DIRECTIONS FOR THIS TASK> Please copy out the entries below exactly, beginning with the line that contains "dhe Jerusalem Rritet" and ending with the line that contains "image for item FA9819 2007 Ford E150 van", and include nothing outside that span.

=== SUPPLIED DATA ===

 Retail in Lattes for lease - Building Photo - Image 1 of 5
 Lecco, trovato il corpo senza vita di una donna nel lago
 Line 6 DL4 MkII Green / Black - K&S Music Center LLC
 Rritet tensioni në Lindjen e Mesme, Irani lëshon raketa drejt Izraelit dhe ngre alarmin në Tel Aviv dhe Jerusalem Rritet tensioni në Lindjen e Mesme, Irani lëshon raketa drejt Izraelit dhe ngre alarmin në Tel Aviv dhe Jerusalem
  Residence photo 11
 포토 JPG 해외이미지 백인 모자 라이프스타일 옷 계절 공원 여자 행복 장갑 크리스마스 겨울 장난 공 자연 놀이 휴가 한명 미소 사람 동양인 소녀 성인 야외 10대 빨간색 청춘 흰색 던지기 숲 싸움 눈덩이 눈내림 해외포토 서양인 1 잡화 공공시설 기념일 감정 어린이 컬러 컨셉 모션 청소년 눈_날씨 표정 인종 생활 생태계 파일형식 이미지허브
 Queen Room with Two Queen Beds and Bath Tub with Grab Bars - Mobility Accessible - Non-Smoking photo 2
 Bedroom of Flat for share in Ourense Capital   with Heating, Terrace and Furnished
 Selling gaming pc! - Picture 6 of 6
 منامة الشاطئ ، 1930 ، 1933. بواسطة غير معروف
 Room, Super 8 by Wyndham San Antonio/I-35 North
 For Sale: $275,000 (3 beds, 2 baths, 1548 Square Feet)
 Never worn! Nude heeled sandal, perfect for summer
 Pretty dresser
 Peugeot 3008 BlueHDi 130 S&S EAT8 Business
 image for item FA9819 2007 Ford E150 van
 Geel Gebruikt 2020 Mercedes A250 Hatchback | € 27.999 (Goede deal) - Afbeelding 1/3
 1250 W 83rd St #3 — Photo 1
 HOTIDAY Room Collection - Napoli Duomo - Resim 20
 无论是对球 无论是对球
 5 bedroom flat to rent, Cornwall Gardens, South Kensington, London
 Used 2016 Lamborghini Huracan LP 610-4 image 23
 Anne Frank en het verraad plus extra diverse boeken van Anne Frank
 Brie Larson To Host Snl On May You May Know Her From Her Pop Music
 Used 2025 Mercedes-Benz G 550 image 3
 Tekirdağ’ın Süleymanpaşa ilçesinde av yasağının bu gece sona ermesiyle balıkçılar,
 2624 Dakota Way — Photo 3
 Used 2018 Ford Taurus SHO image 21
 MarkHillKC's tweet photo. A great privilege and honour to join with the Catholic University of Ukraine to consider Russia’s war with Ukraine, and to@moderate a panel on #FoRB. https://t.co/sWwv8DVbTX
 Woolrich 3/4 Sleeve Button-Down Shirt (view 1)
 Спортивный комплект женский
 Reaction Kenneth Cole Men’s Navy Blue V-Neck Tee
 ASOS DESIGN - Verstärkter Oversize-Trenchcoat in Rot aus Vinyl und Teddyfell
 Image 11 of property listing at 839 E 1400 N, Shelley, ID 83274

===

RESPONSE AREA>
 Rritet tensioni në Lindjen e Mesme, Irani lëshon raketa drejt Izraelit dhe ngre alarmin në Tel Aviv dhe Jerusalem Rritet tensioni në Lindjen e Mesme, Irani lëshon raketa drejt Izraelit dhe ngre alarmin në Tel Aviv dhe Jerusalem
  Residence photo 11
 포토 JPG 해외이미지 백인 모자 라이프스타일 옷 계절 공원 여자 행복 장갑 크리스마스 겨울 장난 공 자연 놀이 휴가 한명 미소 사람 동양인 소녀 성인 야외 10대 빨간색 청춘 흰색 던지기 숲 싸움 눈덩이 눈내림 해외포토 서양인 1 잡화 공공시설 기념일 감정 어린이 컬러 컨셉 모션 청소년 눈_날씨 표정 인종 생활 생태계 파일형식 이미지허브
 Queen Room with Two Queen Beds and Bath Tub with Grab Bars - Mobility Accessible - Non-Smoking photo 2
 Bedroom of Flat for share in Ourense Capital   with Heating, Terrace and Furnished
 Selling gaming pc! - Picture 6 of 6
 منامة الشاطئ ، 1930 ، 1933. بواسطة غير معروف
 Room, Super 8 by Wyndham San Antonio/I-35 North
 For Sale: $275,000 (3 beds, 2 baths, 1548 Square Feet)
 Never worn! Nude heeled sandal, perfect for summer
 Pretty dresser
 Peugeot 3008 BlueHDi 130 S&S EAT8 Business
 image for item FA9819 2007 Ford E150 van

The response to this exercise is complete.